First, I do appreciate that you’ve reviewed the movie this was, instead of the movie many people wished it was (which I think has colored some of the other reactions). I DO really wish we’d gotten a movie about her joining the Avengers, for example.

I don’t really min Natasha’s death in movie (although I agree with the general trope being overused) as I think she was doing it just as much for Clint’s family and her godchildren as she was for him (as opposed to making a statement that Clint is more ‘worthy’). But I also didn’t really get offended by the reveal that the Red Room sterilized her as part of a way to turn her into a tool as indicating some type of judgment on womanhood either. (Although again, I can see how the reaction to that is colored by other things Whedon has done).

But, I still liked (for the most part) what we got – I actually found the beginning really good and interesting, and maybe would have preferred something more along those lines! More espionage, secret identities etc than another big smash bang battle on a floating fortress thing.  More exploration of this fake family and the ways the lines got blurred.

The Red Room was a really intersesting idea but I’ve also lost track of how many “secret” organizations that are truly ruling the world exist at this point – I think maybe it should have been scaled back just a bit.

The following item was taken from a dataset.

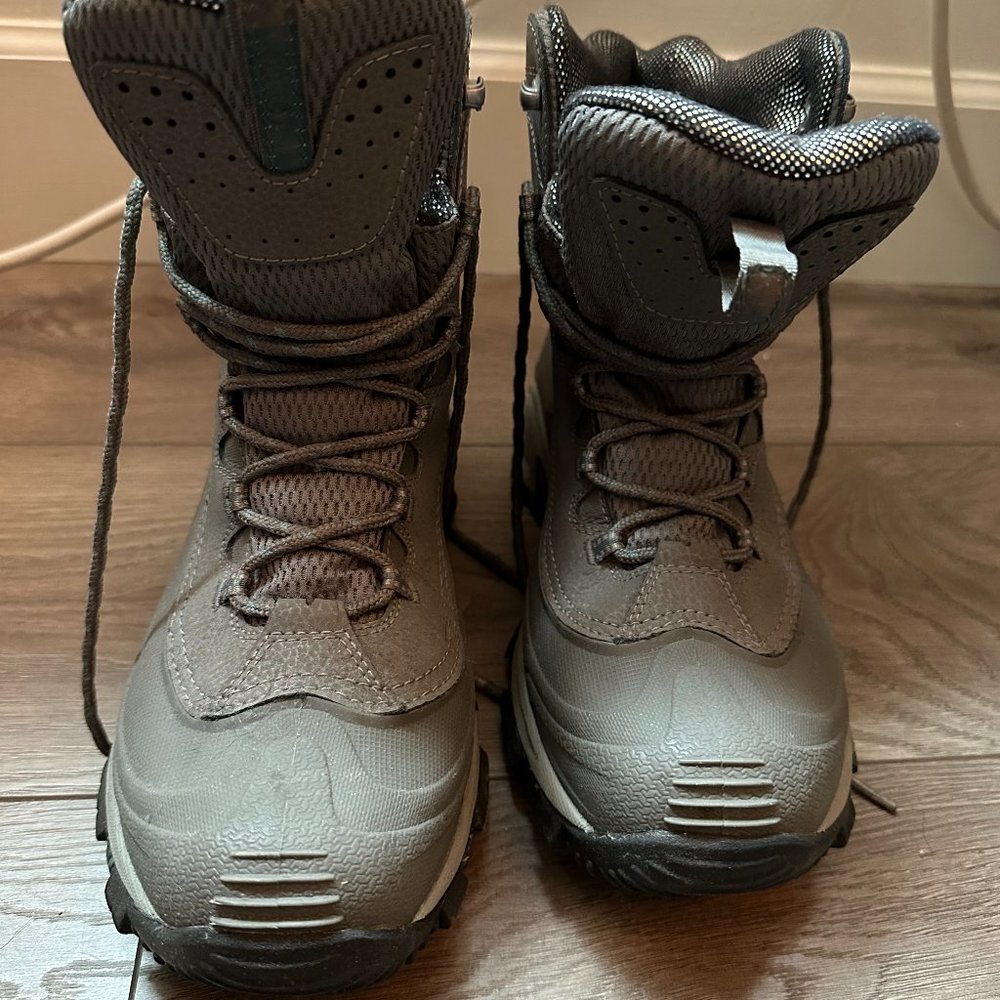 Columbia OmniHeat Waterproof Snow Boots Men's Size 8.5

I also think Vostokov was maybe a little too easily forgiven, but ah well. The chemistry between all of them was delightful and I do look forward to seeing more of Yelena.

One thing I was a tad confused on regarding the beginning: Had Natahsa and Yelena already been part of the Red Room BEFORE the Ohio assignment?  Natasha seems to remember it, and doesn’t want Yelena sent there, but I wasn’t sure if the idea was that she had already been a part of it (and maybe just didn’t remember or hadn’t started real training yet) or not. Where did they find her otherwise?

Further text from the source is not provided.